Federal agents are reportedly investigating a meeting between ex-Proud Boys leader Enrique Tarrio and Oath Keepers leader Elmer Stewart Rhodes, which allegedly took place at a Washington DC car park the day before the 6 January insurrection.

According to Reuters, the Federal Bureau of Investigation is looking into Mr Rhodes and Mr Tarrio’s participation in the meeting, which reportedly took place on 5 January 2021 at a car park near the Park Phoenix Hotel, a favoured place of lodging for the pro-Trump gang led by Mr Tarrio.

Also reportedly present were Bianca Gracia, the leader of the Latinos for America First political action committee and Oath Keepers attorney Kellye SoRelle.

The meeting has attracted the interests of FBI agents because it places the leaders of the two largest, most prominent and most violent pro-Trump extremist groups together shortly before both groups participated in the worst attack on the Capitol since the 1814 Burning of Washington.

The House of Representatives select committee probing the origins of the 6 January insurrection is also looking into Mr Tarrio and Mr Rhodes, both of whom have received subpoenas to produce documents and give evidence before the panel.

Earlier this year, Mr Rhodes – a Yale-educated attorney and US Army veteran – was indicted on charges of seditious conspiracy relating to his participation in the attack on the Capitol, which a pro-Trump mob carried out in hopes of preventing Congress from certifying President Joe Biden’s 2020 election victory. An attorney for Mr Rhodes told Reuters in an email that “there was no coordination” between the two leaders.

Stewart Rhodes
Stewart Rhodes

Additionally, multiple members of the Proud Boys – an all-male group which regularly antagonises antiracist and antifascist protesters and styles itself as a “western chauvinist” fraternity – have been charged in connection with the pro-Trump riot.

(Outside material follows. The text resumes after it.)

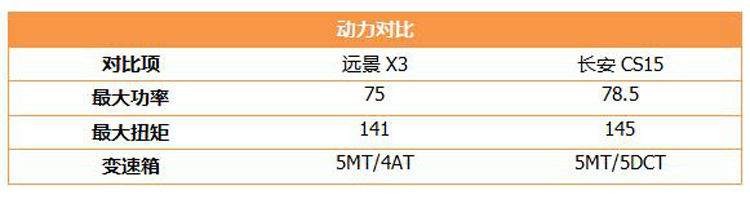 吉利远景X3、 长安CS15,哪个更合你意?
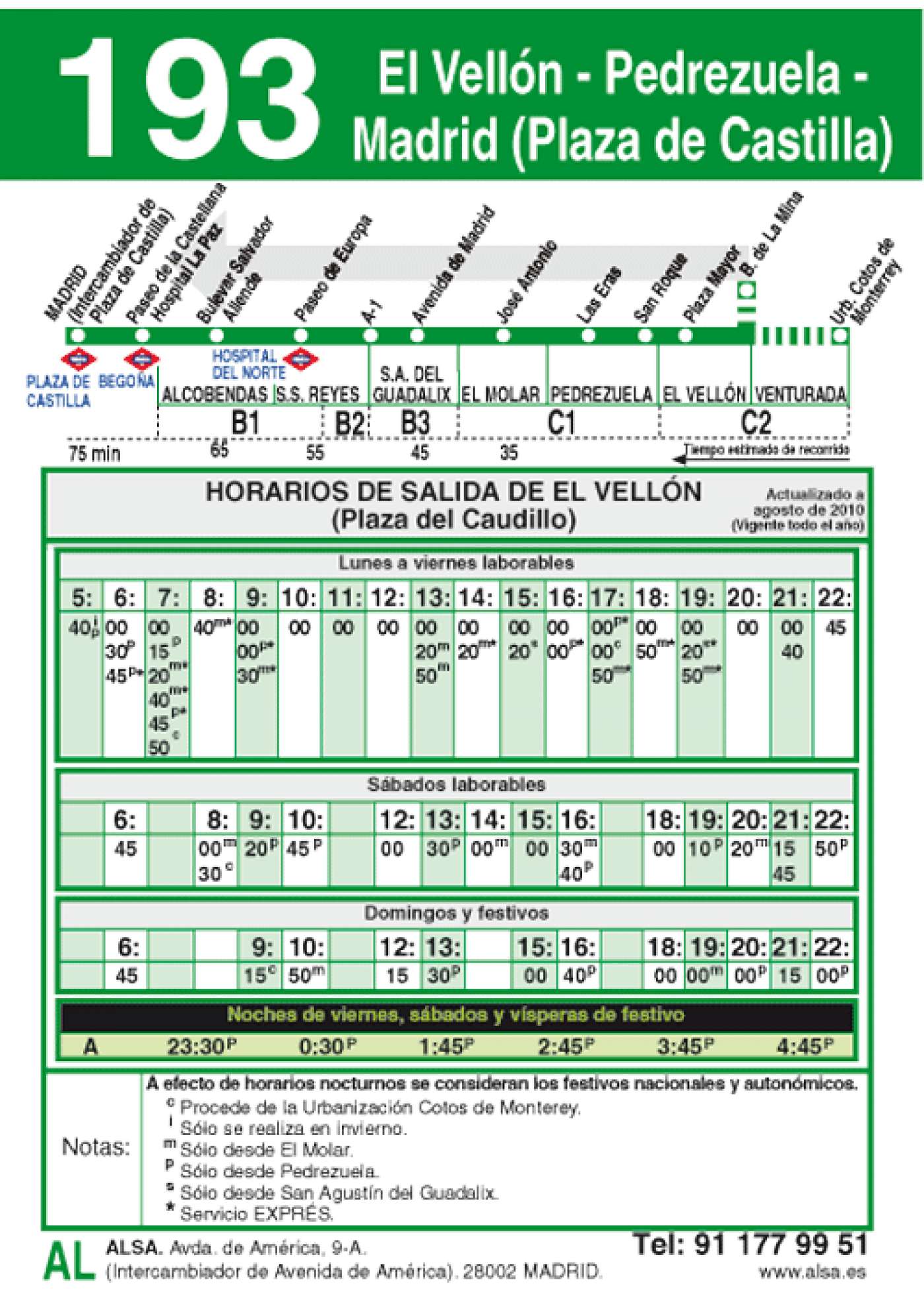 Imagen de El Vellón mapa 28722 4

Members of the Oath Keepers – some of whom were captured on video moving up the Capitol steps in an infantry-style “stack” formation during the riot – have also been indicted for their alleged roles in the violence that day.

Mr Tarrio, however, has not been charged with any crime in connection with the events of 6 January. DC Metropolitan Police officers arrested him two days prior to the insurrection on charges relating to his burning a “Black Lives Matter” banner belonging to a historic Washington DC church, and he spent one night in jail before being released and catching a ride to the Phoenix Park Hotel, where he encountered Mr Rhodes.

According to Ms SoRelle, Mr Rhodes and Mr Tarrio shook hands an exchanged pleasantries during the meeting and discussed Mr Tarrio’s need for a lawyer in the case for which he’d just been arrested.